DATA IN THIS EXERCISE:
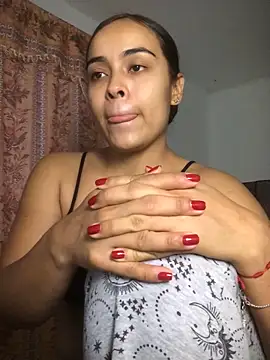 Snapshot of JuanaSimons chatting on May 19, 1:56 am JuanaSimons online show from May 19, 1:56 am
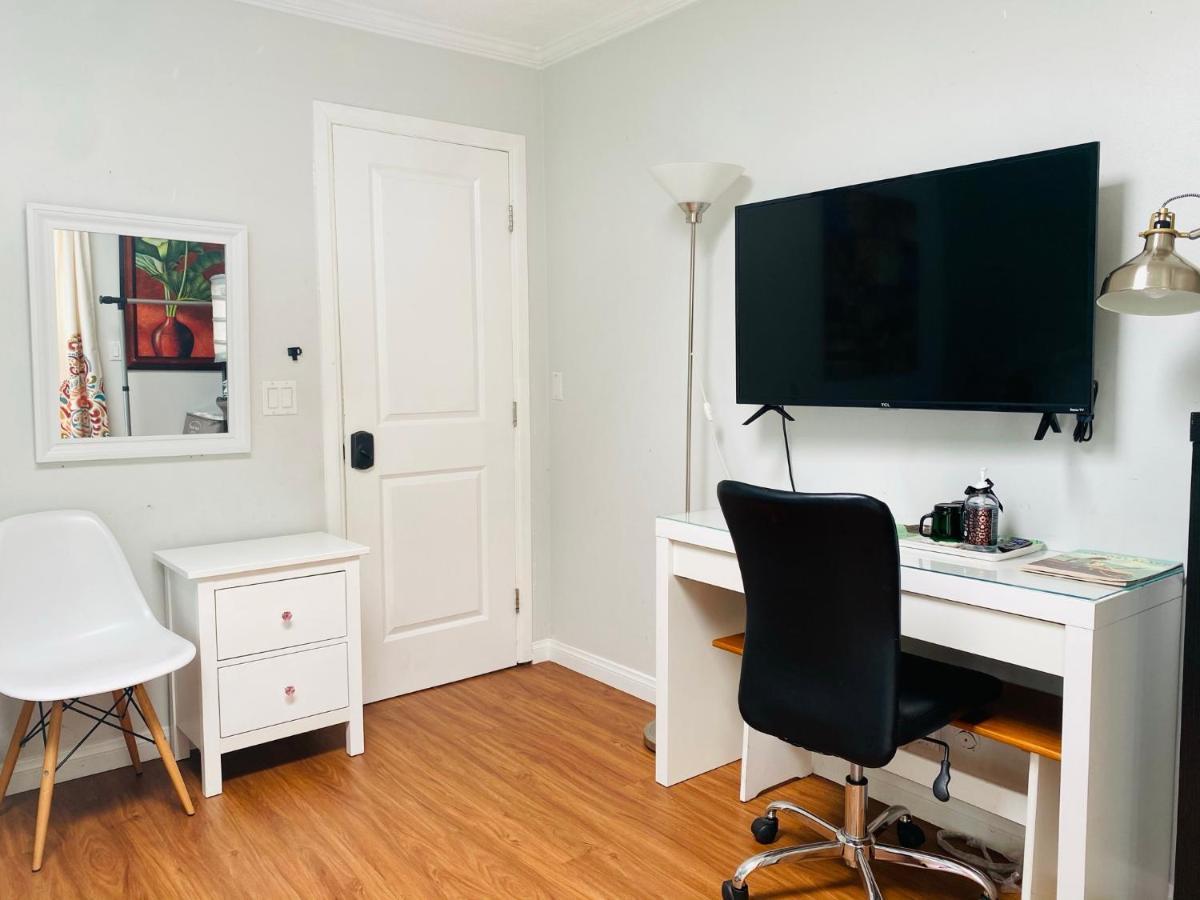 Homestay - Private With 2 Shared Baths And Hosts Onsite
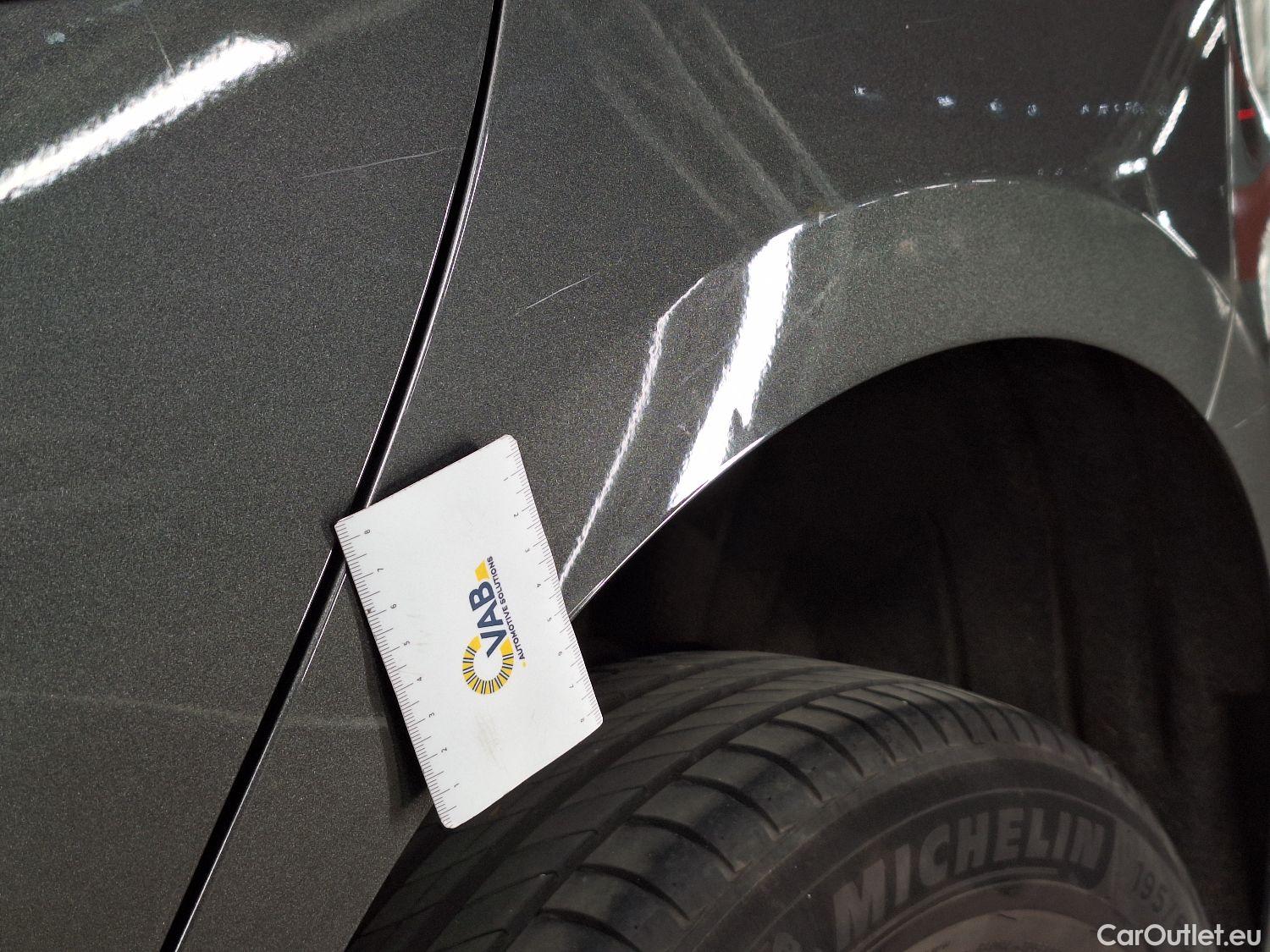  Ford  Focus Ford,  '18, Ford  1.0i EcoB. 74kW Trend Ed. Business 5d #28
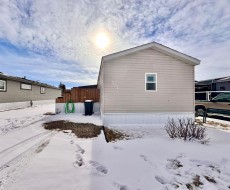 346-349 Railway Avenue  Duchess, AB T0J 0Z0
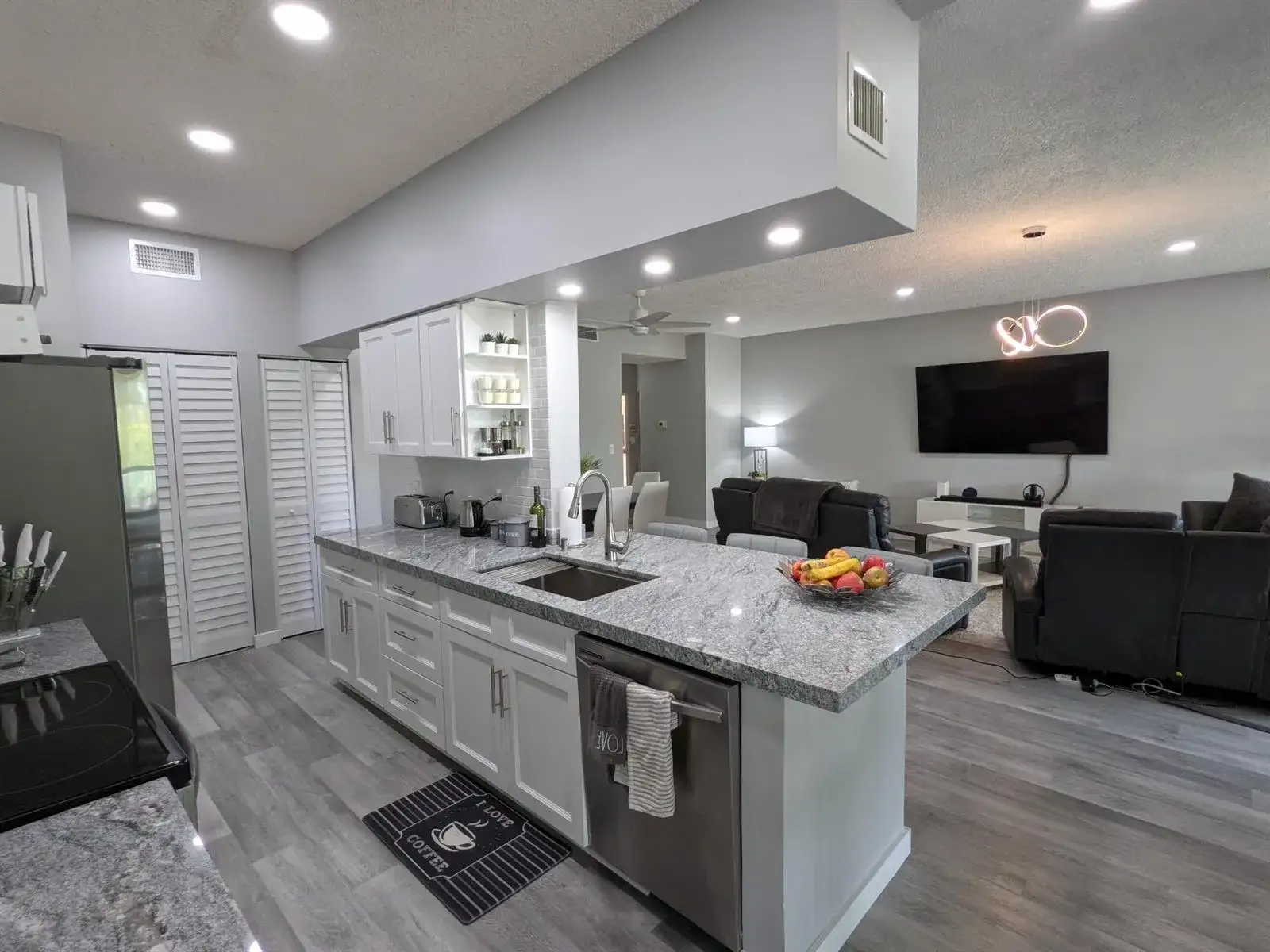 105 Half Moon Circle # F2, Hypoluxo FL 33462 photo 2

ACTIVITY: Leave nothing out but the pictures when transcribing the records.

OUTPUT FOR THIS EXERCISE:
 Snapshot of JuanaSimons chatting on May 19, 1:56 am JuanaSimons online show from May 19, 1:56 am
 Homestay - Private With 2 Shared Baths And Hosts Onsite
  Ford  Focus Ford,  '18, Ford  1.0i EcoB. 74kW Trend Ed. Business 5d #28
 346-349 Railway Avenue  Duchess, AB T0J 0Z0
 105 Half Moon Circle # F2, Hypoluxo FL 33462 photo 2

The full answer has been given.